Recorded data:
------------
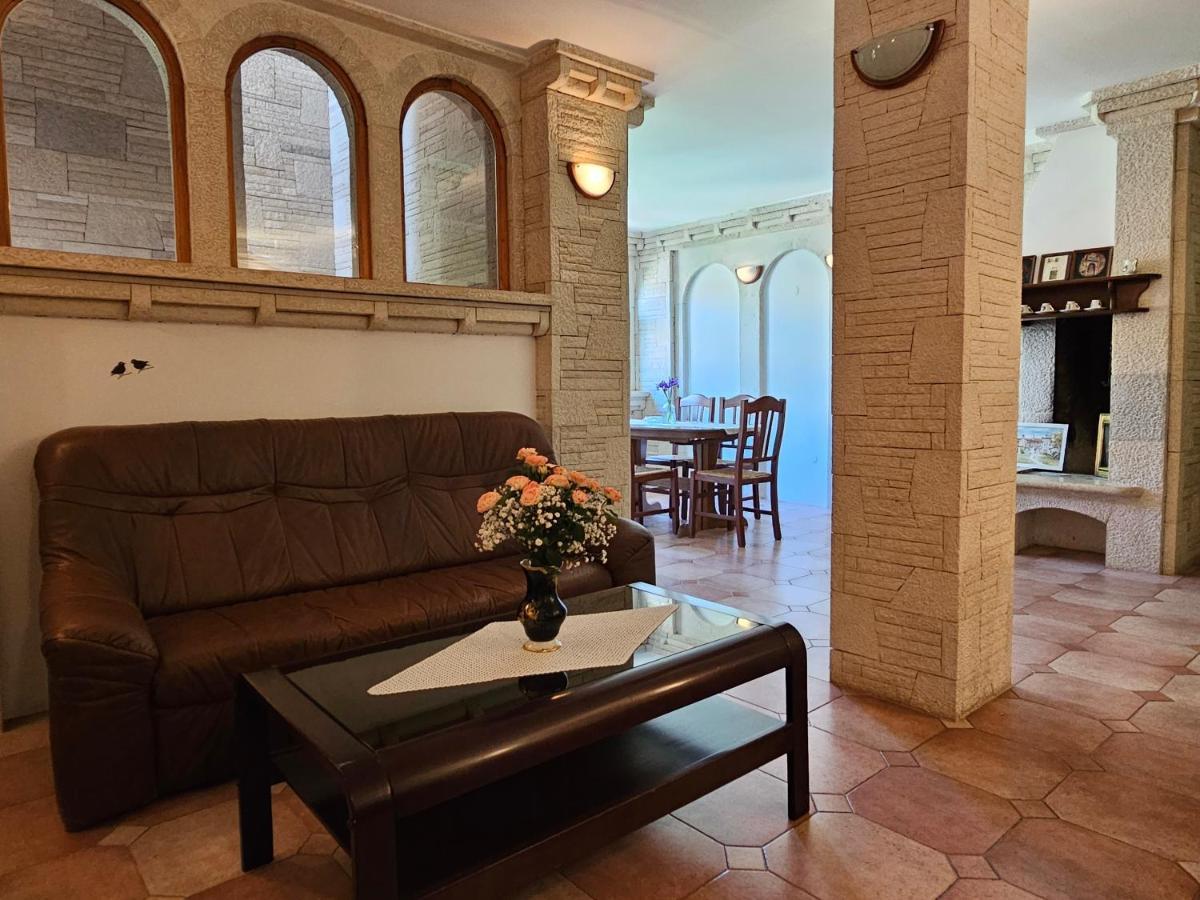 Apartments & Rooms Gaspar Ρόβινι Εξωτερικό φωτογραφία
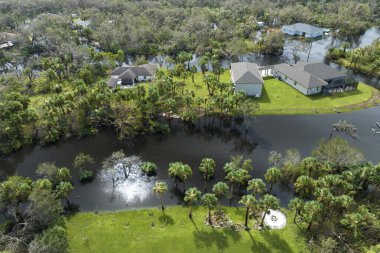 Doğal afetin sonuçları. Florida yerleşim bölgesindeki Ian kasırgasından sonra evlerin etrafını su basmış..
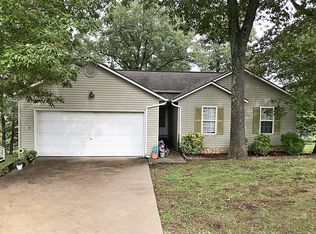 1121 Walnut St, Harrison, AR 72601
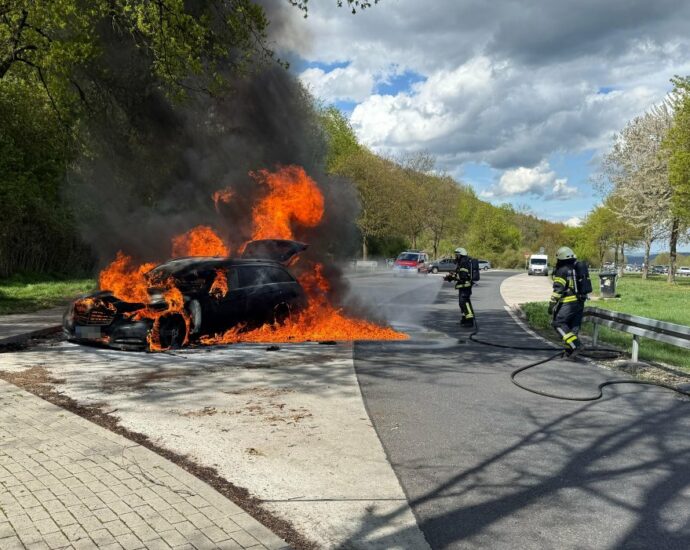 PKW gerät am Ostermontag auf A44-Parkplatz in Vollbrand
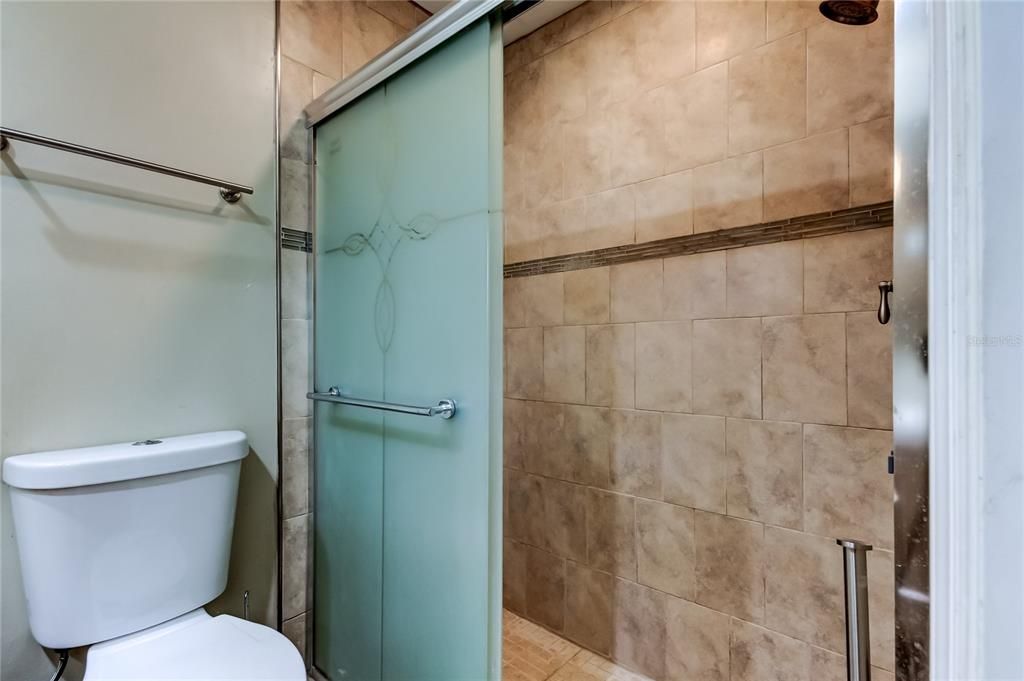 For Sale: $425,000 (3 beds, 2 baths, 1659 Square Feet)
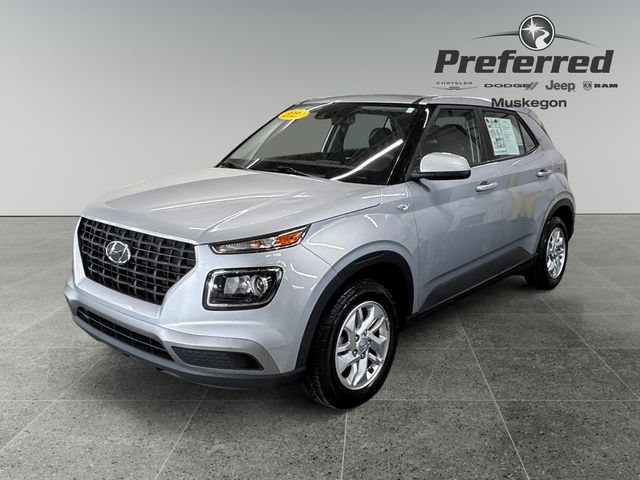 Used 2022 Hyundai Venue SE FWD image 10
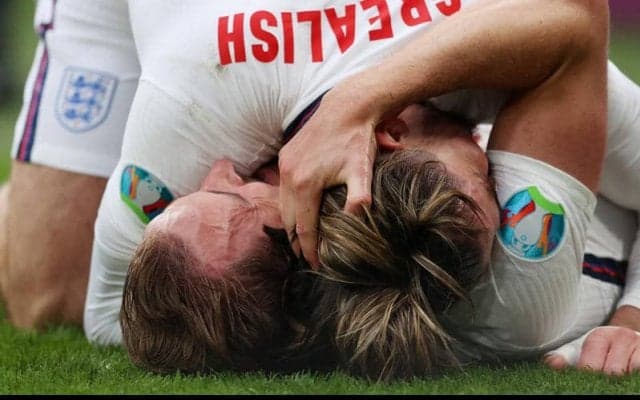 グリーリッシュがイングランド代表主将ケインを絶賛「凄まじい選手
------------
* [HOW TO COMPLETE THIS TASK] Without copying any picture, write out the entries exactly.

* [SOLVED EXERCISE]
 Apartments & Rooms Gaspar Ρόβινι Εξωτερικό φωτογραφία
 Doğal afetin sonuçları. Florida yerleşim bölgesindeki Ian kasırgasından sonra evlerin etrafını su basmış..
 1121 Walnut St, Harrison, AR 72601
 PKW gerät am Ostermontag auf A44-Parkplatz in Vollbrand
 For Sale: $425,000 (3 beds, 2 baths, 1659 Square Feet)
 Used 2022 Hyundai Venue SE FWD image 10
 グリーリッシュがイングランド代表主将ケインを絶賛「凄まじい選手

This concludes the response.